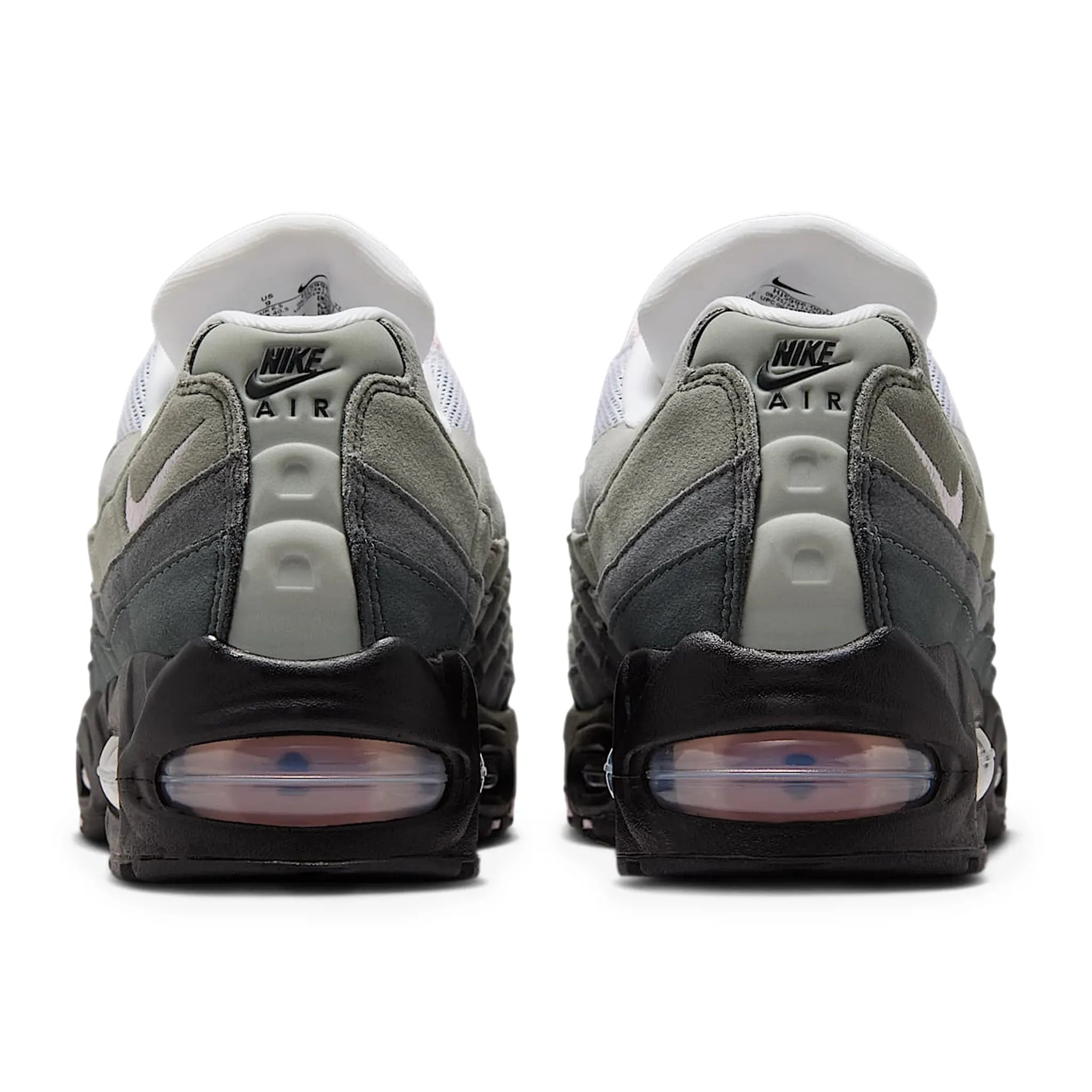 Nike Air Max 95 OG Big Bubble Pink Foam Women's Running Shoes - Retro Sneakers for Jogging, Gym Workouts & Casual Streetwear Fashion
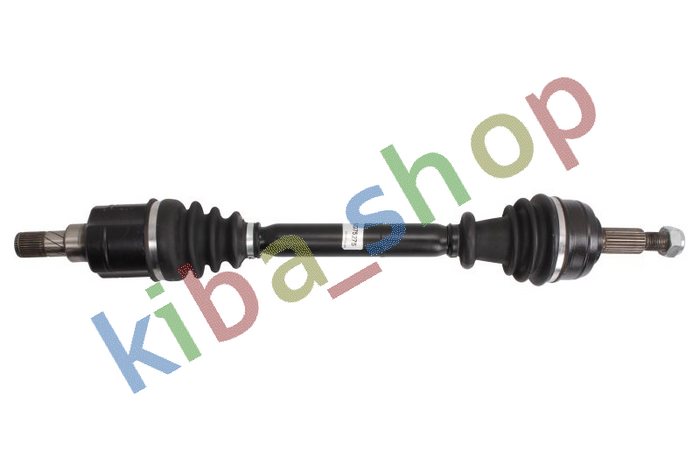 FRONT AXLE LEFT DRIVE SHAFT FRONT L 651MM S WITHOUT ABS FITS RENAULT MEGANE IV
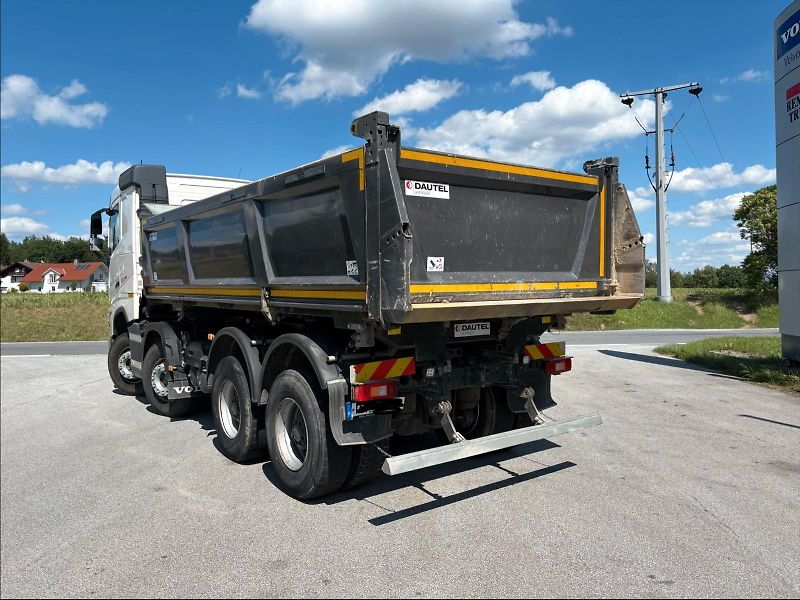 Volvo FH 500 8x4 sklápěč DAUTEL - fotka 4 z 6
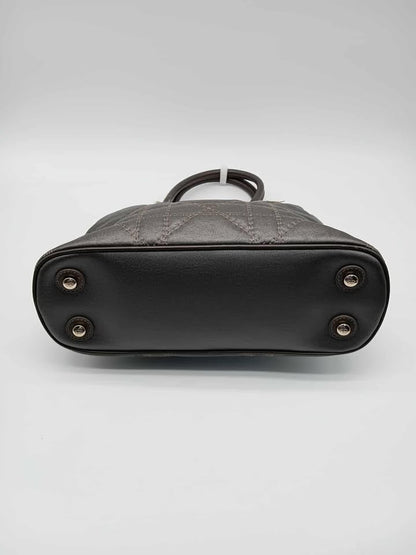 DIOR Cannage Metallic Tote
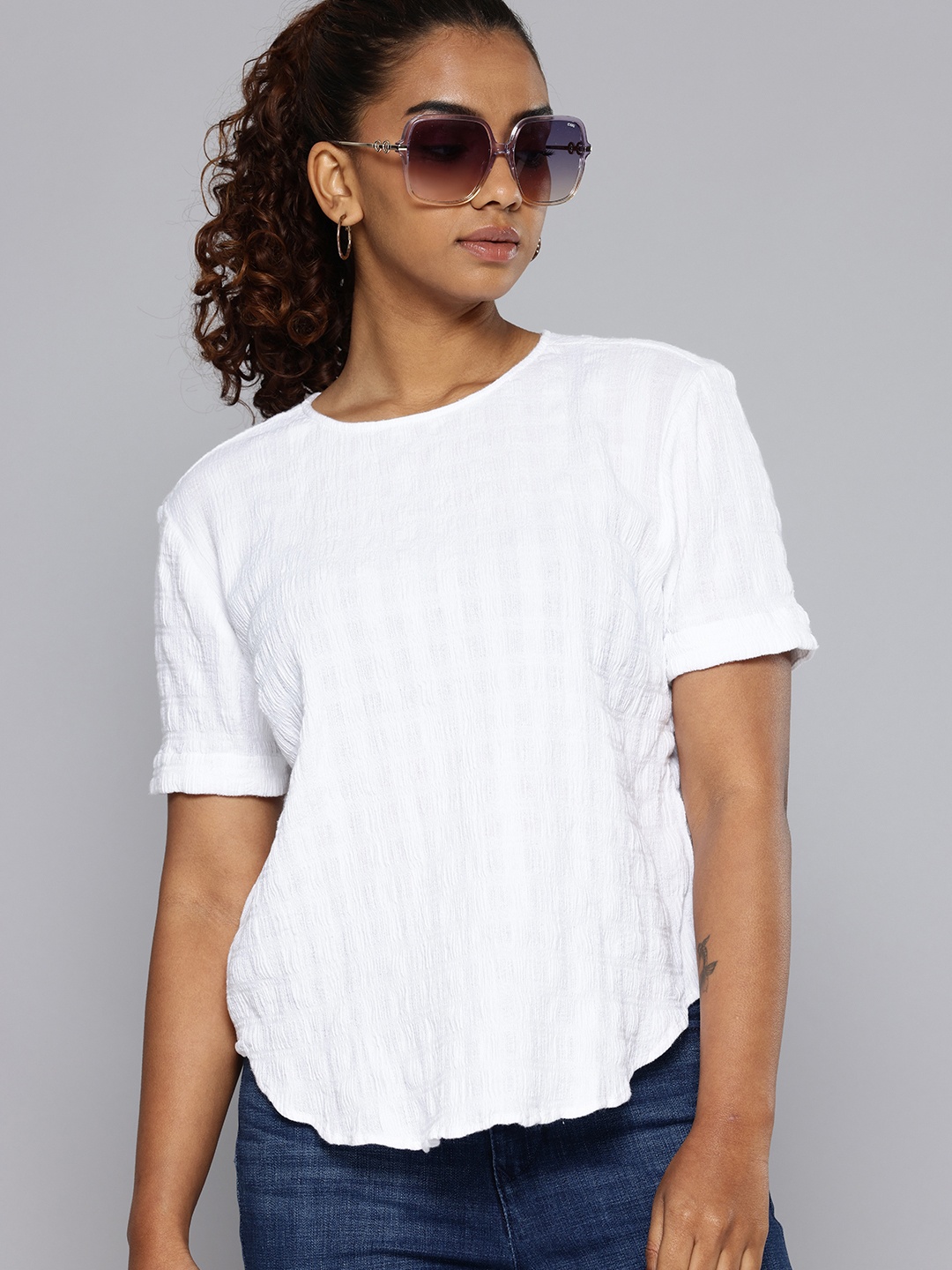 

Levis Self Designed Regular Top, White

········

» **Problem**:
Transcribe the material exactly, leaving every picture out.

» **Problem solution**:
 Nike Air Max 95 OG Big Bubble Pink Foam Women's Running Shoes - Retro Sneakers for Jogging, Gym Workouts & Casual Streetwear Fashion
 FRONT AXLE LEFT DRIVE SHAFT FRONT L 651MM S WITHOUT ABS FITS RENAULT MEGANE IV
 Volvo FH 500 8x4 sklápěč DAUTEL - fotka 4 z 6
 DIOR Cannage Metallic Tote

Levis Self Designed Regular Top, White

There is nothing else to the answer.